Audiobook Review: FLESH: The Disappearance of Portia Barrington by Keith Lee Johnson

Keith Lee Johnson
Portia Barrington is the 15-year-old daughter of a high-powered defense attorney, and she's been kidnapped. Those who took her have demanded and been paid two ransoms, but now they are demanding a third so, despite the kidnappers' warnings to the contrary, the FBI has been called in. Enter Agent Phoenix Drew-Perry, a woman of color with her own daughter in turmoil.

The story is told in a combination of third person and first. Half of the story is Phoenix' personal first person recollections. The other half is from an omniscient third person point-of-view; a technique I personally find distracting. Pick a PoV and stick with it, I say, but I understand that this is becoming a popular story-telling modus. I just find it off-putting and lazy.

The author relies heavily on cliches. I swear I heard the phrase "Off the hook!" more times in the first chapter than a Mel B outtake-reel from America's Got Talent. Also the book references the sex act so frequently that the author often relies on such over-used erotica standards as "get all up in that," and "on fire down there."

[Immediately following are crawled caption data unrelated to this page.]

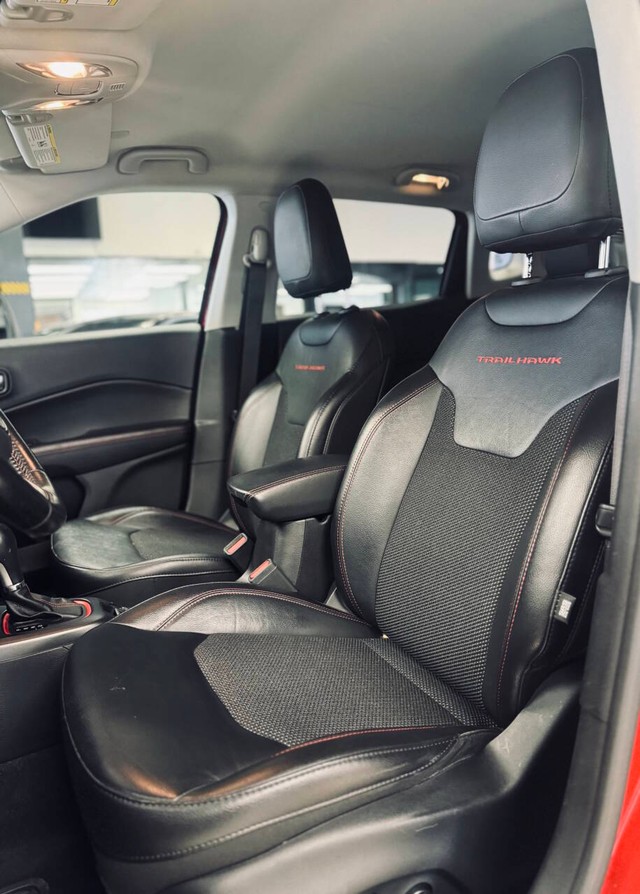 Jeep Compass Vehicle Full-screen Gallery Image 13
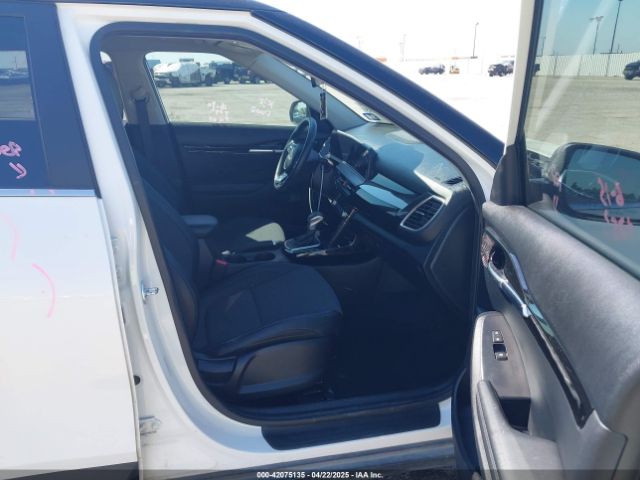 2024 KIA SELTOS KNDEU2AA9R7570967 Photo 4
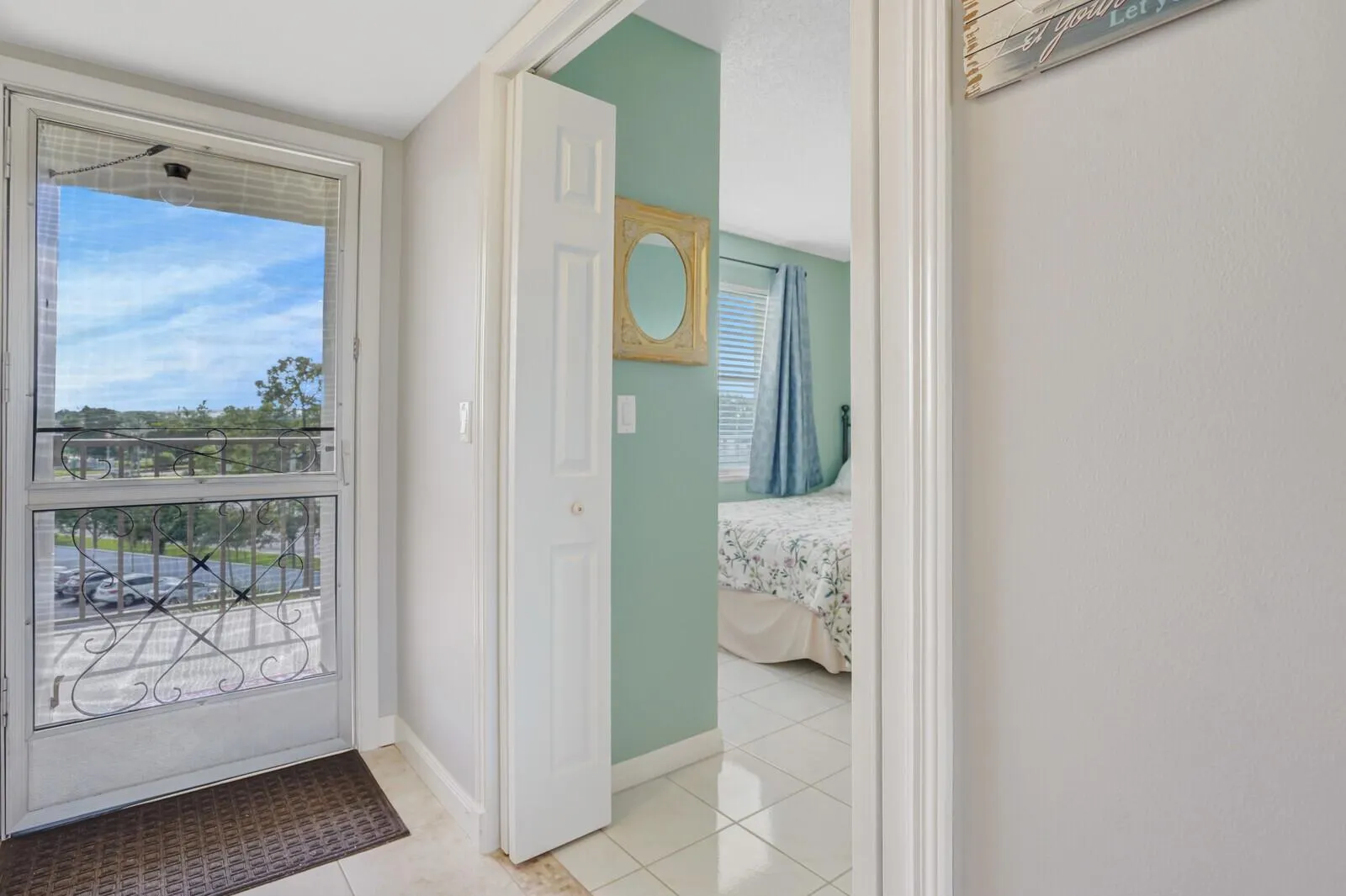 3959 Via Poinciana, #503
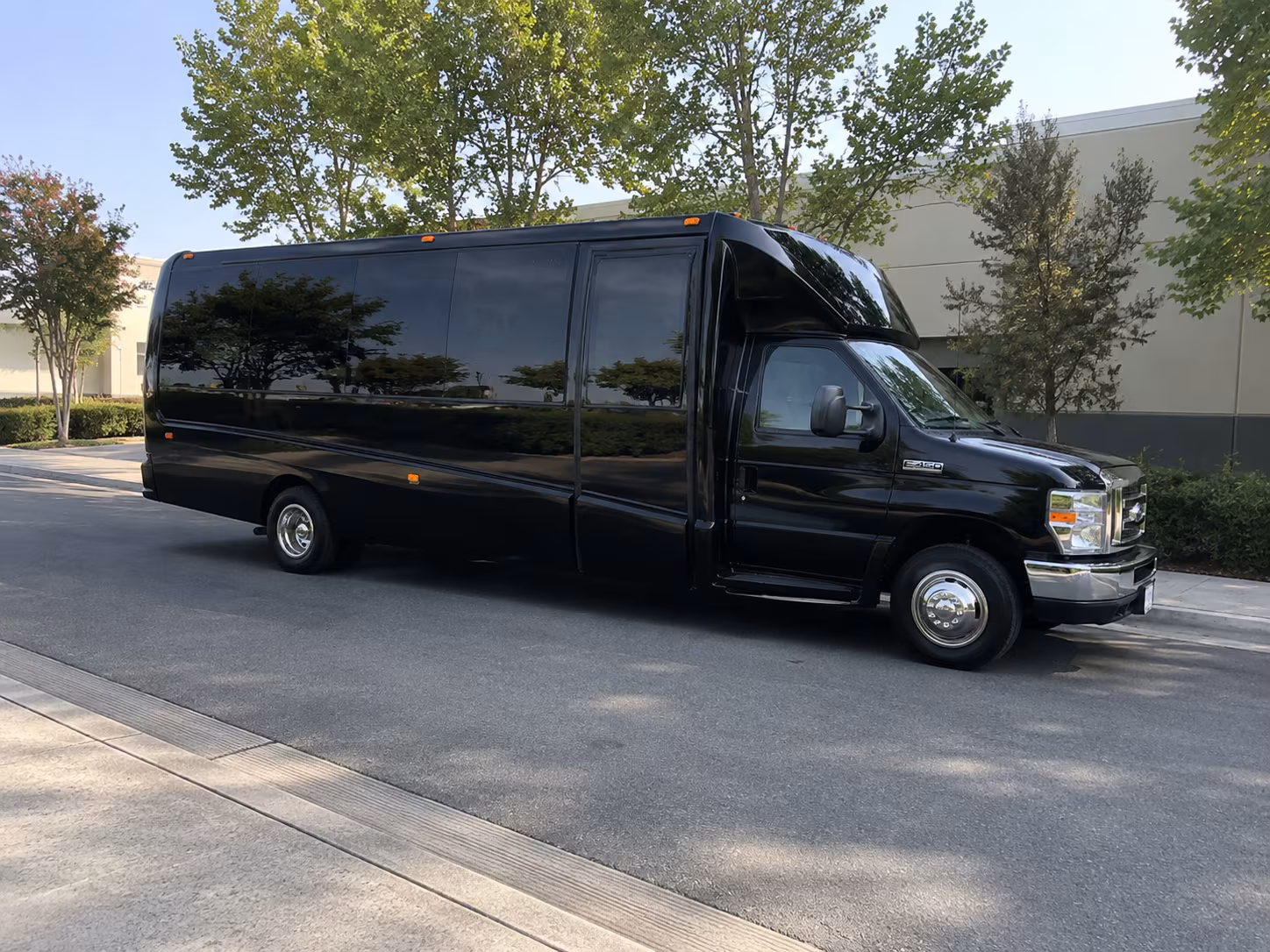 Newark Birthday, Sweet 16, & Quinceañera Transportation party bus exterior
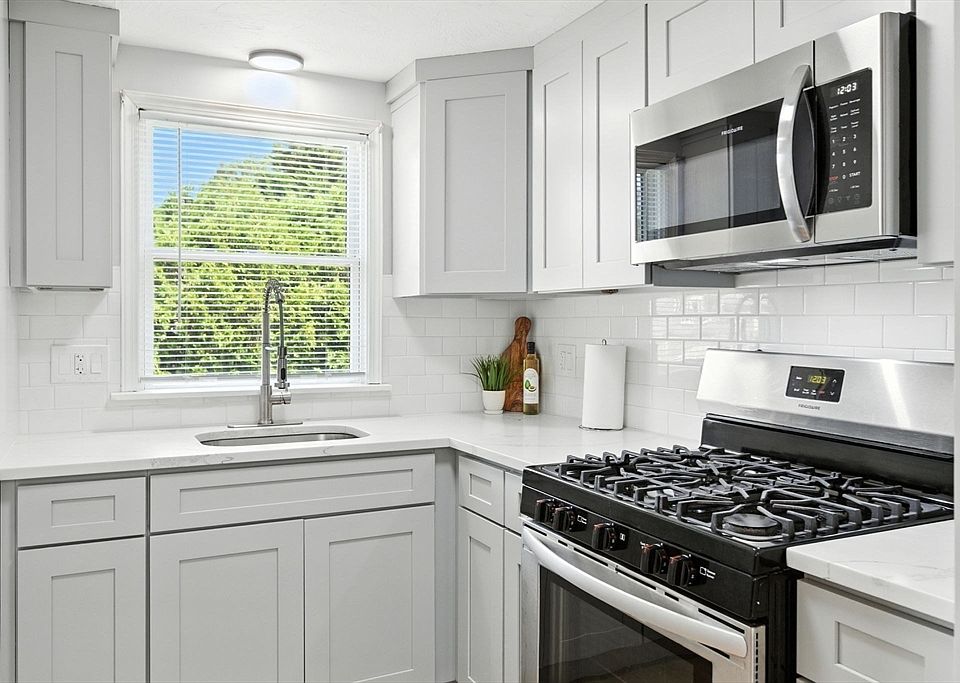 1st image of 21 Petipas Ln #B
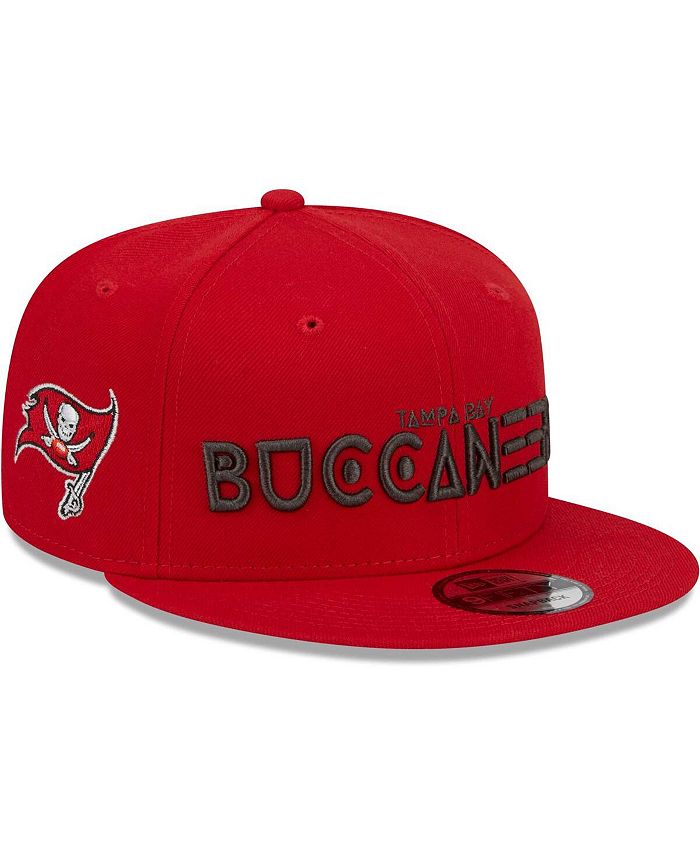 New Era Men's Red Tampa Bay Buccaneers Word 9FIFTY Snapback Hat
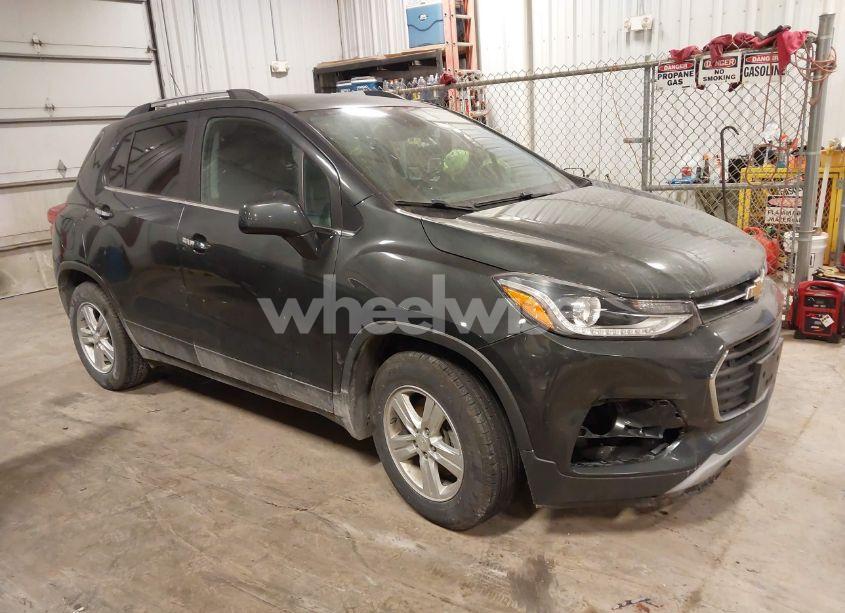 2019 Chevrolet Trax LT (VIN 3GNCJLSB5KL241737) main photo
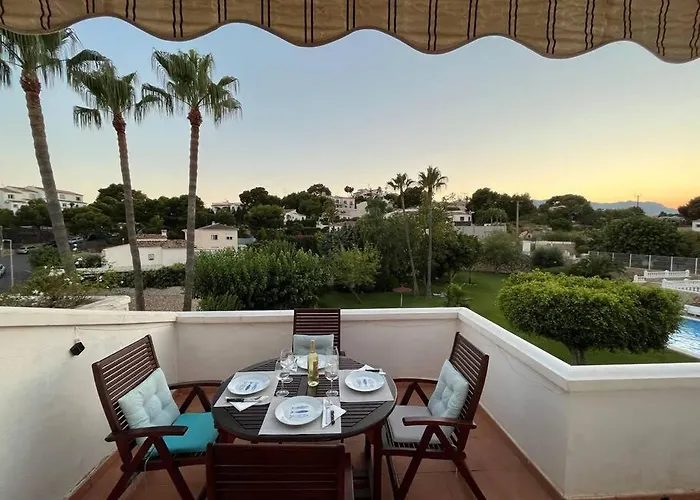 Duplex In Residential Complex With Pool Lejlighed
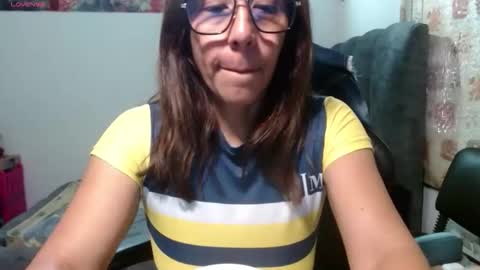 Snapshot of horny_and_daring chatting on March 2026 01:00:01 PM horny and daring online show from March 2026 01:00:01 PM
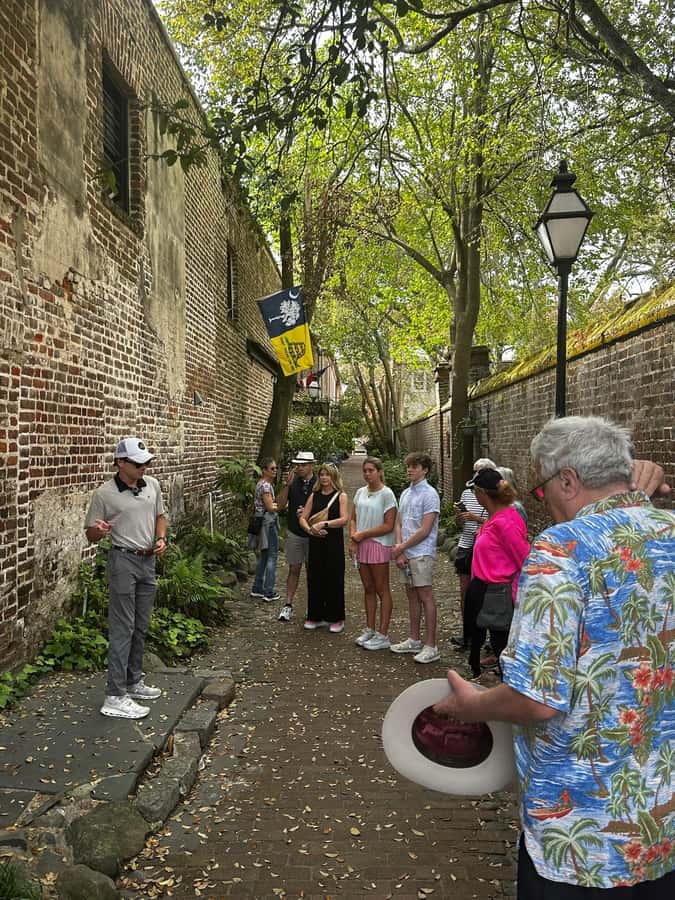 Charleston: History and Architecture Guided Walking Tour - Three alleys that reward a slower look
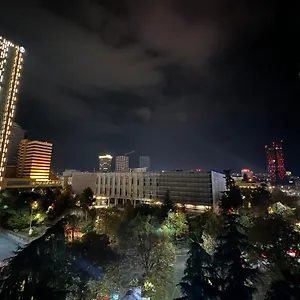 https://apartment-in-skanderbeg-square-tirana-center-2.hotels-in-tirana.com
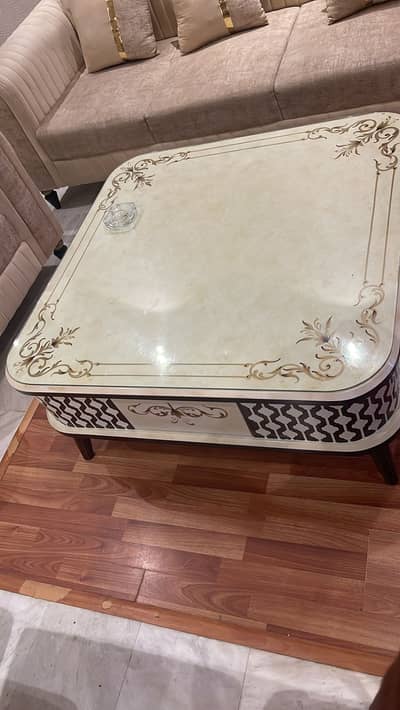 Big Size Pure Wood In Deco Paint Center Table With 12mm Glass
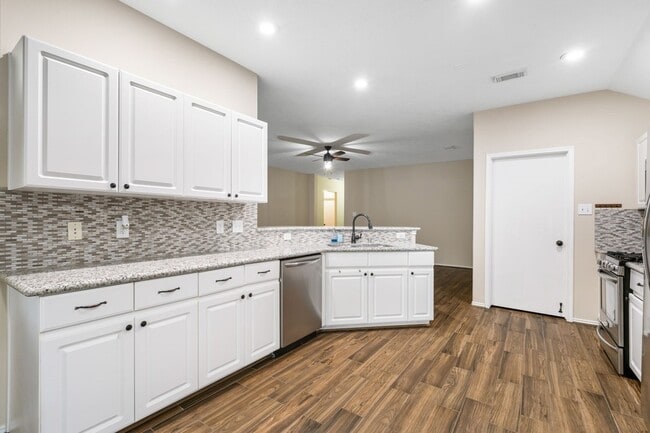 Photo - 26 S Vesper Bend Cir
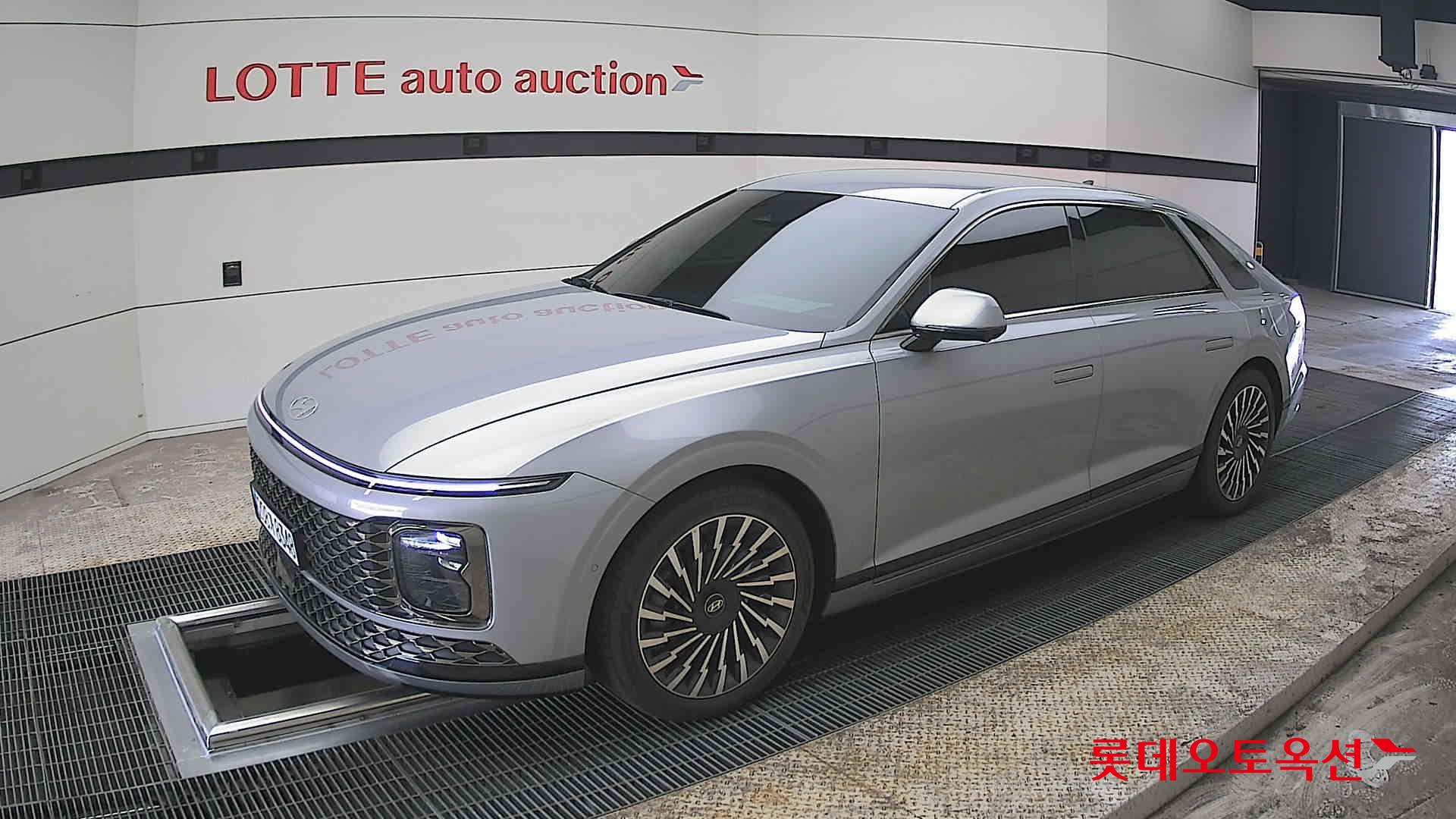 هيونداي أزيرا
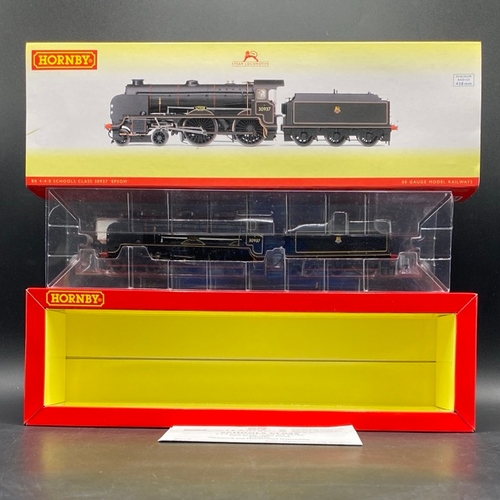 344 - Hornby R3194 Class V Schools 4-4-0 30937 'Epsom' in BR Black with early emblem - Tested Runner
(600g... 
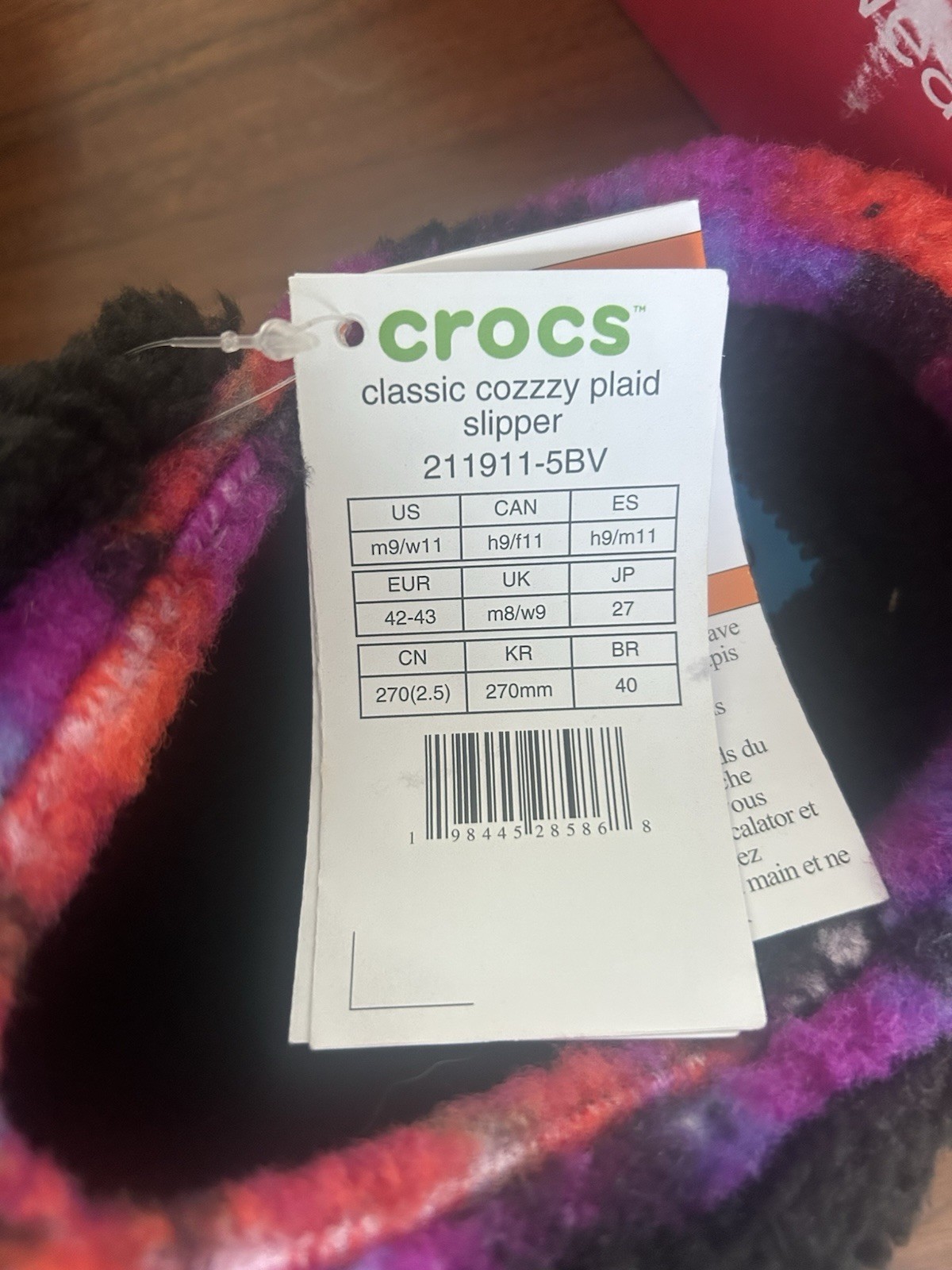 Crocs Classic Cozzzy Plaid Slipper-US Women’s size 11 Men’s size 9- NWT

There are a number of other weird aspects to the book. It's clearly written to titillate, but at the end, the heroine goes into a long puritanical aside about how over-sexed and debauched Americans are. Another example of the book's weirdness is that a character in the book is named Christopher Chance, and one of the protagonists assumes it's a false identity because it's such a cheesy name. This in a book with characters named Phoenix, Portia Barrington, Topaz, Vanderbilt, Myles, Palmer, and Savannah.
Lucinda Gainey

In another example, the story makes overly specific use of the story-line of a 1970 film called The Grasshopper starring Jacqueline Bisset, or as the narrator, Lucinda Gainey, calls her for some unexplained reason, Jacqueline Bay-set. The narration also has a somewhat sterile almost-documentary-style feel to it in several places, which is odd considering how hyper-sexual the book is. Other than that the voice narration was competent, although there were a few moments where the longish sentences taxed her breathing.

One thing I did enjoy about the book was a clever plot element where the FBI agents were able to determine the reason why the kidnappers kept demanding more and more ransom. But then, by the end of the book even that became a plot hole. I don't want to post a spoiler, but suffice to say you don't lead a horse to water if you don't want him to take a drink.

Overall, I wasn't impressed with the story or the writing, but apparently I'm in the minority. The author has a substantial following, and numerous glowing reviews on this title alone in the paperback and eBook listings at Amazon. Personally, I'm not recommending it, but what do I know? Twenty plus horny housewives can't be wrong.